Fiancée Game – 04 – CharGen

Estimated Hours of Work Since Last Update: 8

   It’s been a lot longer since the last update than I’d intended, apologies for that. Life does, as they say, have something of a tendency to get in the way. My day job has been extremely busy of late and, between that and longer hours at my second job, it’s been cutting into my free time for both Fiancée Game development and LPing.
   That said, I’ve managed to squirrel away a few decent chunks of time over the past month-ish to work on things and get some additional systems implemented. Let’s dive in, shall we?

   Here’s a quick look at what the above eight hours have turned into:

Character Creation
   I spent around three hours getting character creation implemented into the game. It’s fairly simple looking, but it does what I need it to do. The player can name themselves, choose a class, and roll their attributes before beginning play. I decided to go with randomly rolled attributes because my fiancée really enjoys both the randomness and the “one more roll and it’s all 18s” aspect of the system.

Character generation is basic, but it does what it needs to do.

   There are the beginnings of some deeper systems in play here. Skills are going to be something that I’ll be needing to implement to finalize character creation. Three of the four classes begin play with a predetermined skill (the adventurer being given a skill point instead). In addition to a starting skill, each class begins play with a small bit of gear appropriate for them along with a pittance in gold — I’m thinking between 50 and 100 — enough for a night or two at the inn in town and maybe a healing potion.

   The only things left to be implemented in character generation are a “Begin Play” button and the ability to spend randomly generated bonus points on ability scores. Outside of that it’s fully functional.

   Up until now combat had more or less only been implemented in the UI sense. I’ve not got some basic fighting implemented, at least on the player’s side. The player attacks properly (with calculated miss chances), with the appropriate number of swings depending on weapon(s) equipped, and deals appropriate damage based on their equipped weapon and other assorted statistics.

   The current systems I have in place for attacking are likely to be re-coded in their entirety before combat is finalized. I want to separate some functions and I have to implement weapon properties, which should be an adventure.

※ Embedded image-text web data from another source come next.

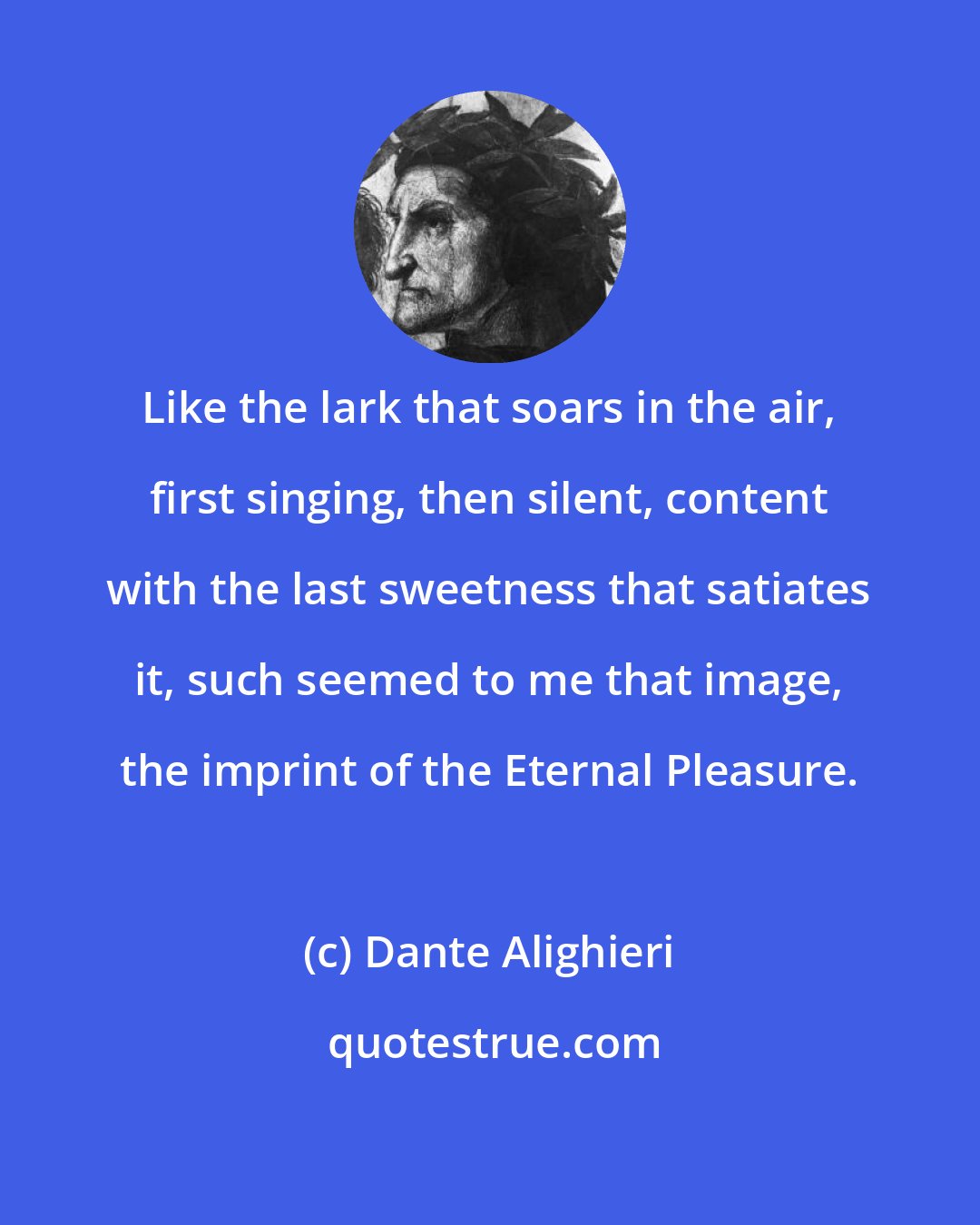 Dante Alighieri: Like the lark that soars in the air, first singing, then silent, content with the last sweetness that satiates it, such seemed to me that image, the imprint of the Eternal Pleasure.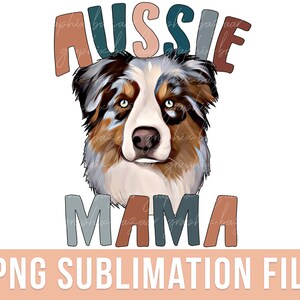 Aussie Mama PNG Australian Shepherd Dog Sublimation File Dog Mama PNG Aussie Shepherd Mom Shirt PNG Dog Mom Shirt Dog Mama Shirt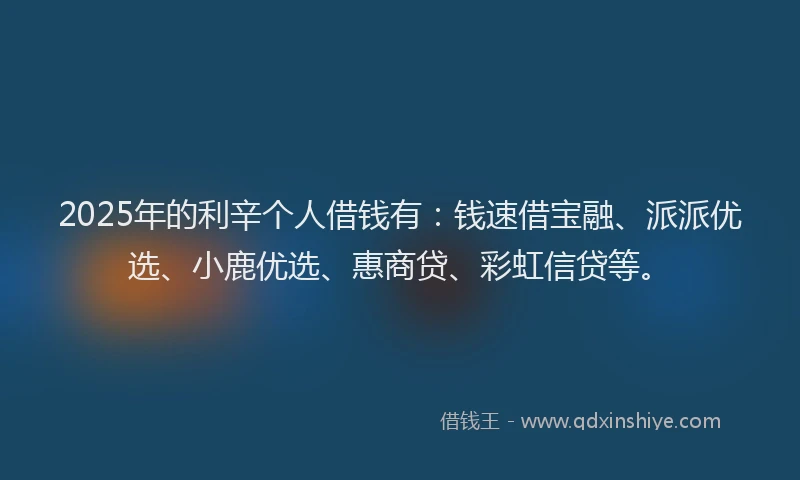 2025年的利辛个人借钱有：钱速借宝融、派派优选、小鹿优选、惠商贷、彩虹信贷等。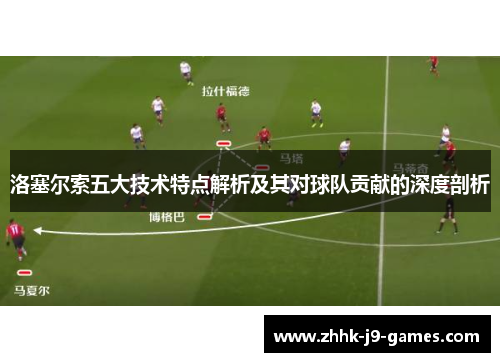 洛塞尔索五大技术特点解析及其对球队贡献的深度剖析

   Once player attacking is where I want it, I need to work on the enemy’s ability to retaliate. I’ve currently got a handful of ideas on how I want to do this based around assorted types of enemy behavior. I want to make it so some enemies favor using special attacks (spellcasters), while others will favor attacking but might occasionally use a special attack if they have it (general critters). There are going to be sub-types to the AI, I think; a spellcaster, for example, with special abilities keyed towards healing its allies will probably have AI written around making sure all of its allies HP are greater than 50% and healing them when it isn’t. That kind of stuff. I’m looking forward to it as I’ve never really dealt with anything resembling complex AI before, even in a turn-based setting.

   Amidst working on all of the above, I also went back and re-wrote how the game handles the player’s equipment. Nothing major, but it speeds up the various look ups I have to do for determining final statistics and whatnot.